» **EXTRACTED ENTRIES**

────────────────────────────────────────

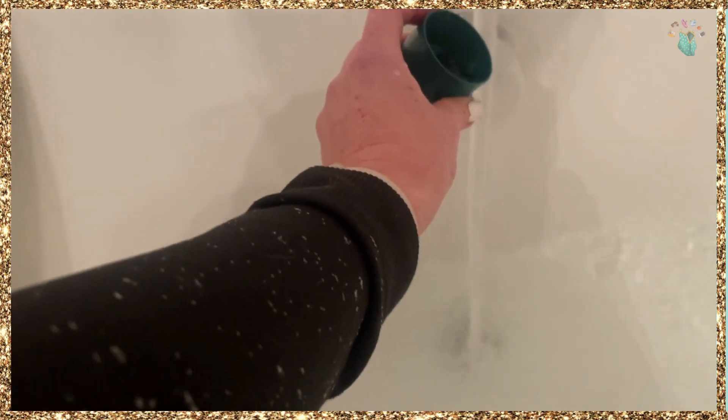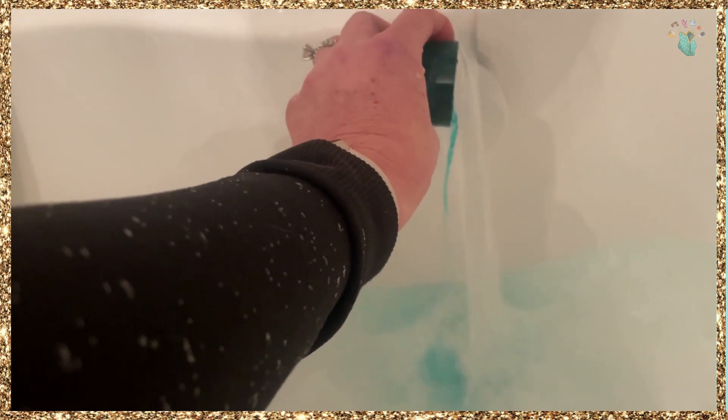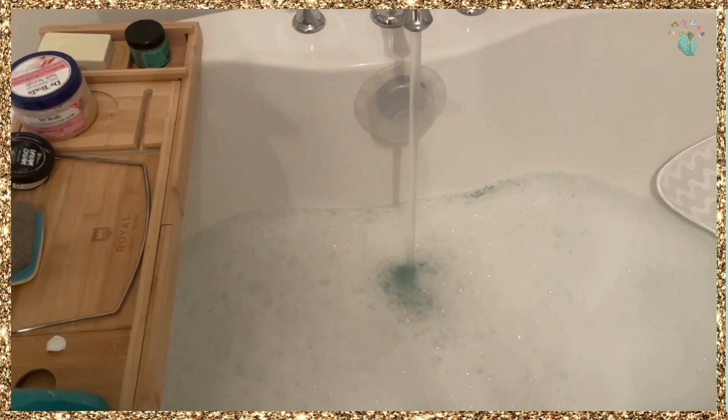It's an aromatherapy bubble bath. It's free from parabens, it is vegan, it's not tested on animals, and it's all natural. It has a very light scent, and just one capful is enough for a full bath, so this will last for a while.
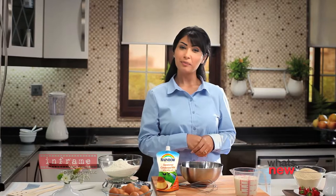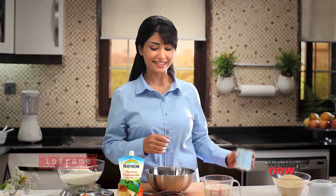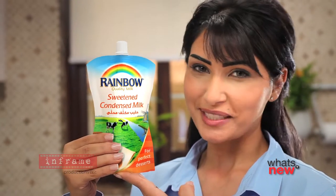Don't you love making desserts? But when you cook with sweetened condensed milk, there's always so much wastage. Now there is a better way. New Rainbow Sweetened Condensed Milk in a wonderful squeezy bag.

────────────────────────────────────────

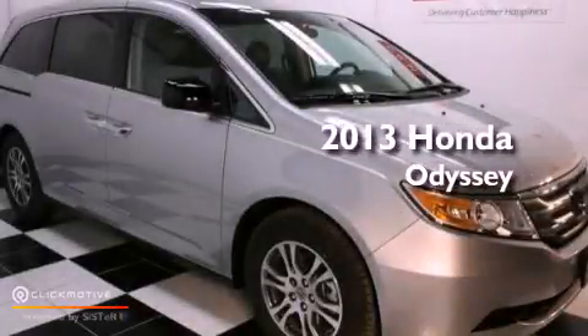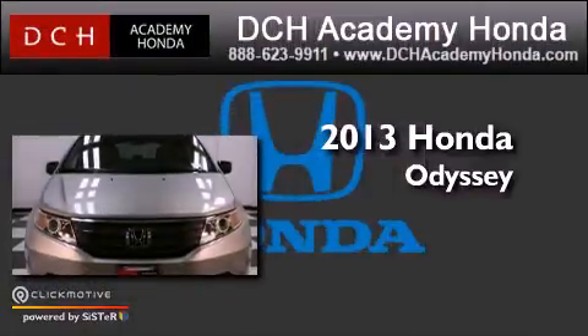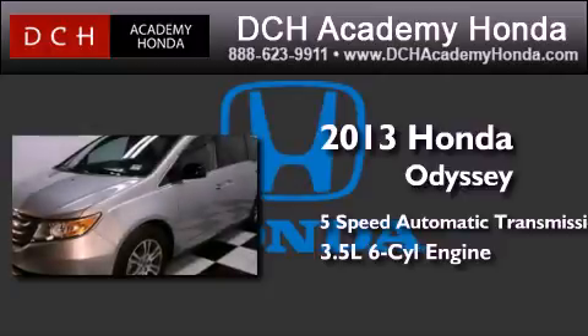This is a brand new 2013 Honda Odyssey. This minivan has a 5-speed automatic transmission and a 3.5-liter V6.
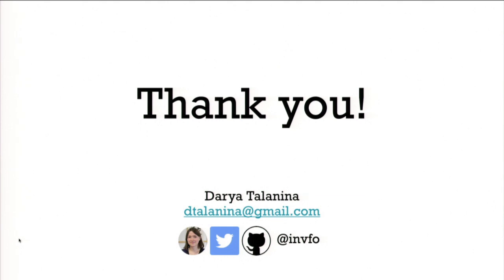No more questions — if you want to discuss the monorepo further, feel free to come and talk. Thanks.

────────────────────────────────────────

Give back exactly the lines of the listing above from the one that contains "It's an aromatherapy" up to and including the one that contains "Don't you love", but not the pictures, and no other lines.

It's an aromatherapy bubble bath. It's free from parabens, it is vegan, it's not tested on animals, and it's all natural. It has a very light scent, and just one capful is enough for a full bath, so this will last for a while.
Don't you love making desserts? But when you cook with sweetened condensed milk, there's always so much wastage. Now there is a better way. New Rainbow Sweetened Condensed Milk in a wonderful squeezy bag.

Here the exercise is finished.